As Hadi famous, “the most important challenges have been round efficiency and tuning and the truth that web sites by design will not be clear.” 


Source link
TAGGED: architecture, collect, data, deep, ensemble, Learning, scraping, SMEs, Snowflake, web
Share This Article
Twitter Email Copy Link Print
Previous Article IBM and Roche use AI to forecast blood sugar levels IBM and Roche use AI to forecast blood sugar levels
Next Article Enterprise alert: PostgreSQL just became the database you can't ignore for AI applications Enterprise alert: PostgreSQL just became the database you can’t ignore for AI applications
Leave a comment

Leave a Reply Cancel reply

Your email address will not be published. Required fields are marked *

Your Trusted Source for Accurate and Timely Updates!

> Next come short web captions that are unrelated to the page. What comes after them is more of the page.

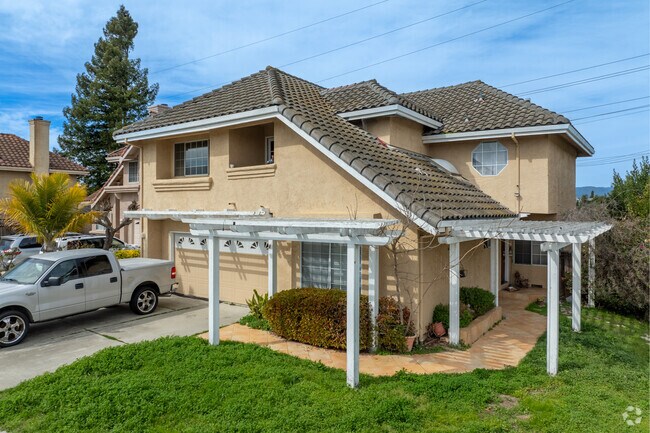 Mediterranean revival homes in Watsonville showcase stucco exteriors and tiled roofs.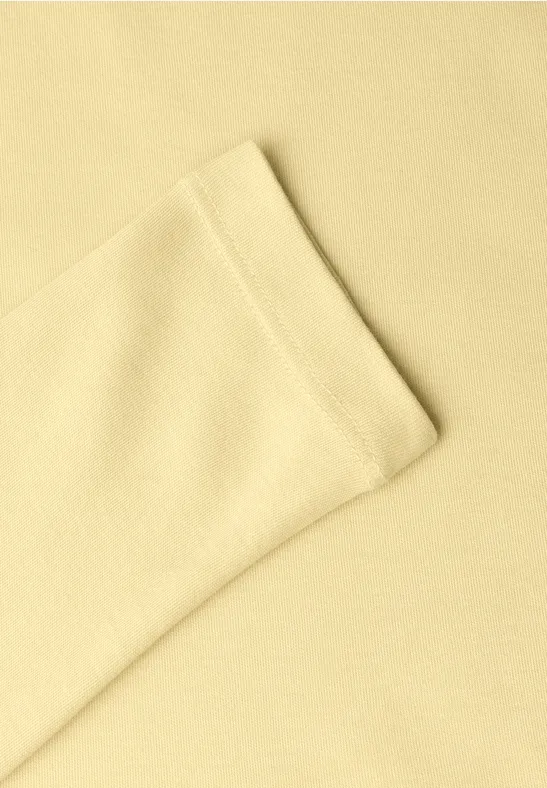 Gros plan d’un tissu jaune clair avec une couture apparente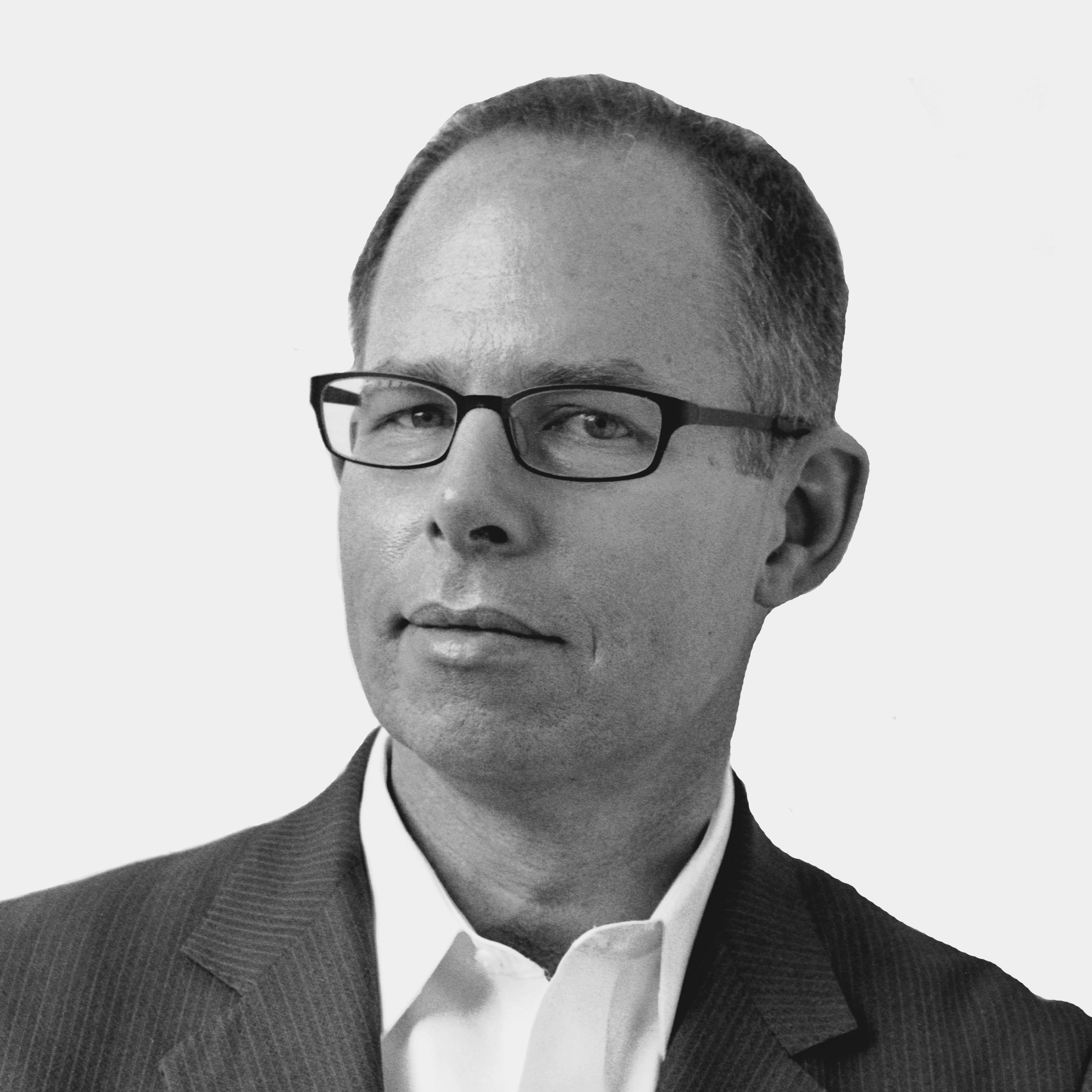 A man with short hair and glasses wearing a suit jacket over a buttoned shirt. He has a neutral expression and is facing slightly to his left against a plain white background.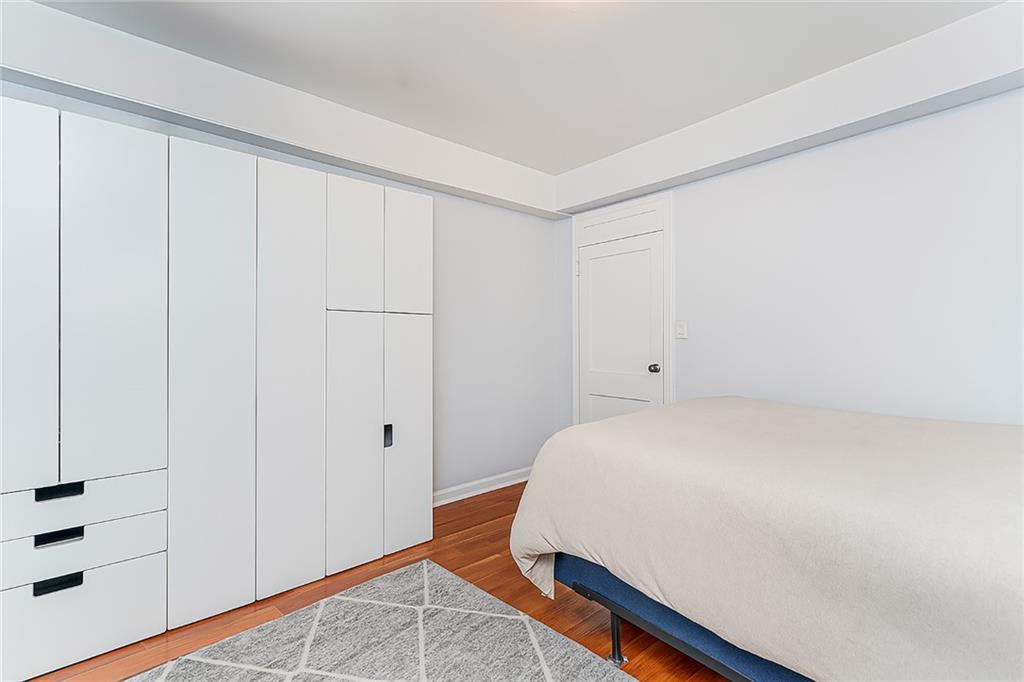 191 73rd Street, Unit 219 Brooklyn, NY 11209 - Photo 5 of 9 a room with a bed and curtain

Our commitment to accuracy, impartiality, and delivering breaking news as it happens has earned us the trust of a vast audience. Stay ahead with real-time updates on the latest events, trends.
FacebookLike
TwitterFollow
InstagramFollow
YoutubeSubscribe
LinkedInFollow
MediumFollow
- Advertisement -
Ad image

Popular Posts

Salute collaborates with Ecolab on cooling solutions for AI

Salute has introduced a collaboration with Ecolab, an organization targeted on water, hygiene, and an…

April 1, 2026

Inside Huawei’s automotive sound engineering lab in Shanghai

Strolling into Huawei’s Shanghai Acoustics R&D Centre, I anticipated a normal facility tour. What I…

September 30, 2025

How Anthropic’s ‘Skills’ make Claude faster, cheaper, and more consistent for business workflows

Anthropic launched a brand new functionality on Thursday that enables its Claude AI assistant to…

October 16, 2025

Mitigating business data accuracy threats

Over half of us now use AI to go looking the net, but the stubbornly…

November 23, 2025

Ooredoo and DE-CIX bring Internet exchange to Qatar with Doha IX

Leveraging DE-CIX’s in depth international experience, developed throughout practically 60 places worldwide, this initiative strengthens…

February 5, 2025

You Might Also Like

STL launches Neuralis data centre connectivity suite in the U.S.
AI & Compute

STL launches Neuralis data centre connectivity suite in the U.S.

By saad
What is optical interconnect and why Lightelligence's $10B debut says it matters for AI
AI & Compute

What is optical interconnect and why Lightelligence’s $10B debut says it matters for AI

By saad
IBM launches AI platform Bob to regulate SDLC costs
AI & Compute

IBM launches AI platform Bob to regulate SDLC costs

By saad
STL launches Neuralis data centre connectivity suite in the U.S.
Power & Cooling

STL launches Neuralis data centre connectivity suite in the U.S.

By saad

About Us

Data Center News is your dedicated source for data center infrastructure, AI compute, cloud, and industry news.

Top Categories

  • AI & Compute
  • Cloud Computing
  • Power & Cooling
  • Colocation
  • Security
  • Infrastructure
  • Sustainability
  • Industry News

Useful Links

  • Home
  • Contact
  • Privacy Policy
  • Terms & Conditions

Find Us on Socials

© 2026 Data Center News. All Rights Reserved.

© 2026 Data Center News. All Rights Reserved.
Welcome Back!

Sign in to your account

Lost your password?
We use cookies to ensure that we give you the best experience on our website. If you continue to use this site we will assume that you are happy with it.
You can revoke your consent any time using the Revoke consent button.